Model lock-in via environment variables. I no longer hardcode model names in N8N nodes. Each agent reads its model from a config table, which means rolling back a costly experiment is one row update, not a manual hunt through twelve workflows.
Lesson 5: the editing agent is where you spend most of your quality budget
If you have £10 of API budget per article, spend £6 of it on the editing agent. Not the drafting agent. Drafts can be mediocre and recoverable. Bad editing produces published mediocrity.
The editing agent should run with explicit instructions about what to remove (hallucinated stats, hedging language, AI tells like “in conclusion” and “in today’s fast-paced world”), what to preserve (structural integrity, key terms, voice), and what to enhance (specific examples, concrete numbers when verifiable, transition logic between sections).
In my current pipeline, the editing agent is the only stage running on Claude Opus. Every other stage runs on cheaper models.
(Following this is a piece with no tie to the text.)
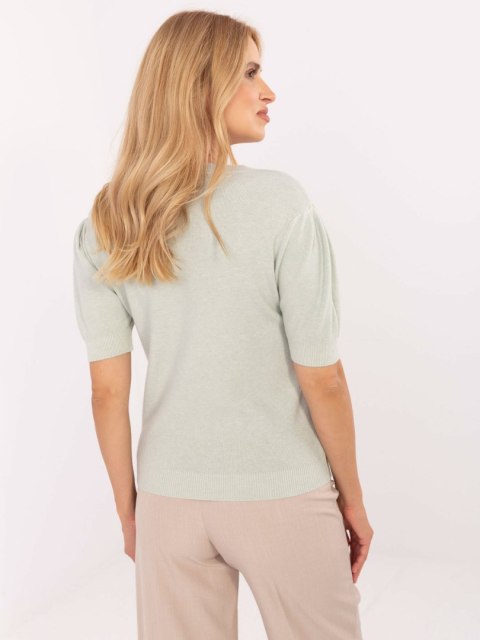 Sweter PM-SW-PM-5060.06 pistacjowy S/M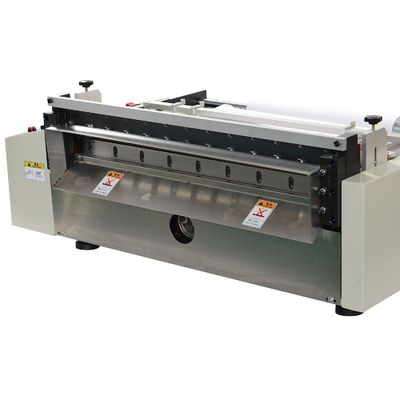 Snijmachine met automatische werking voor het snijden van gebreide stoffen voor ribberhat 0,9 kW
The output quality is materially better than running drafting on Opus and editing on a cheaper model, because editing is fundamentally a quality-control task and quality control is exactly what frontier models are best at.
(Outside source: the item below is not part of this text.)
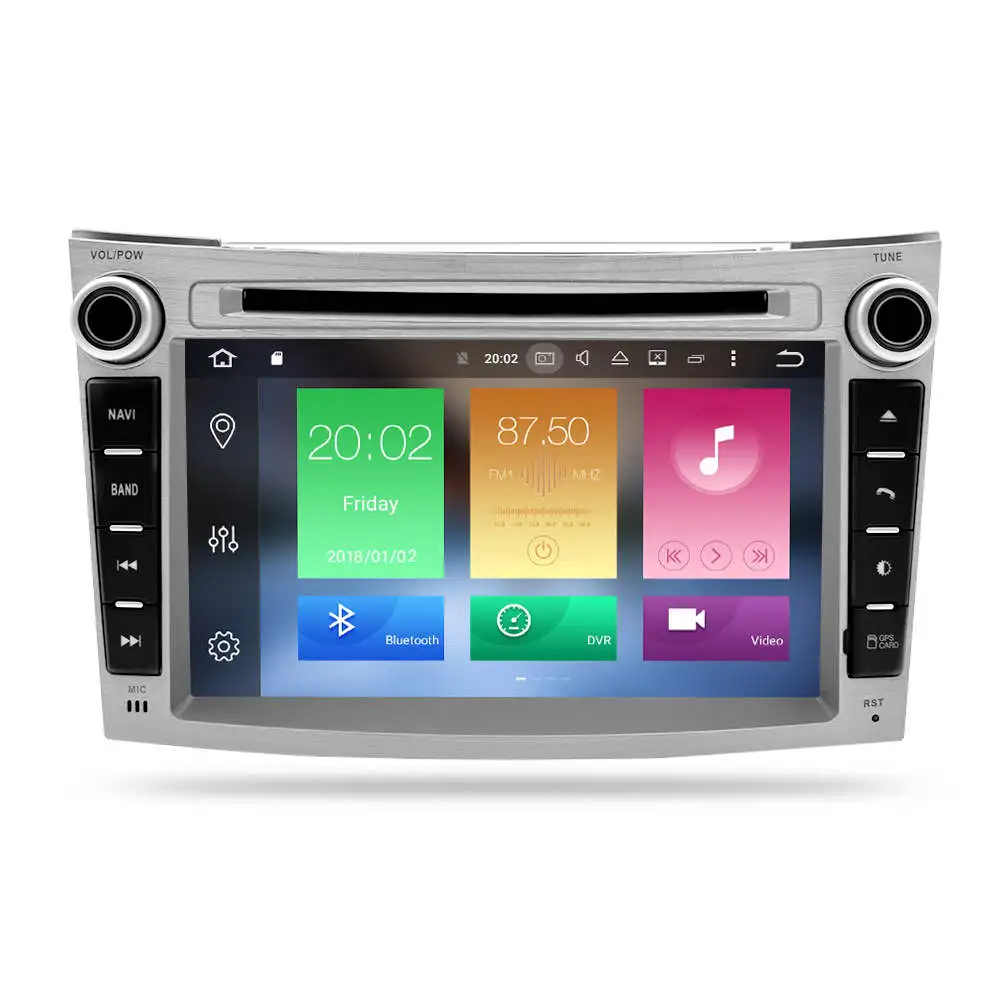 Excellent 4GB RAM Android 9.0 Car Stereo DVD Player GPS Glonass Navigation for Subaru Legacy Outback 2008+Video Multimedia Radio  headunit 7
When this approach makes sense
Multi-agent content pipelines work when you have a high volume of similar but distinct outputs to produce, when each piece needs to be coherent on its own, and when you can tolerate some variance in quality across outputs.
They are wrong when you need a single highly polished output, when the subject matter requires domain expertise no model has, or when the human edit pass is going to be larger than the model output anyway.
The pipeline I described above runs as part of Odal, powering ongoing SEO content for lead generation verticals. The total infrastructure cost across hundreds of articles is comfortably under £100 per month, including all model API costs and N8N hosting.
It is not magic. It is a five-stage system with five failure modes that took two months to stabilise. But once stable, it produces consistent, useful content at a marginal cost per article that nothing else I have tried comes close to.
If you are building something similar, the five lessons above will save you weeks. Especially the editing one. Always the editing one.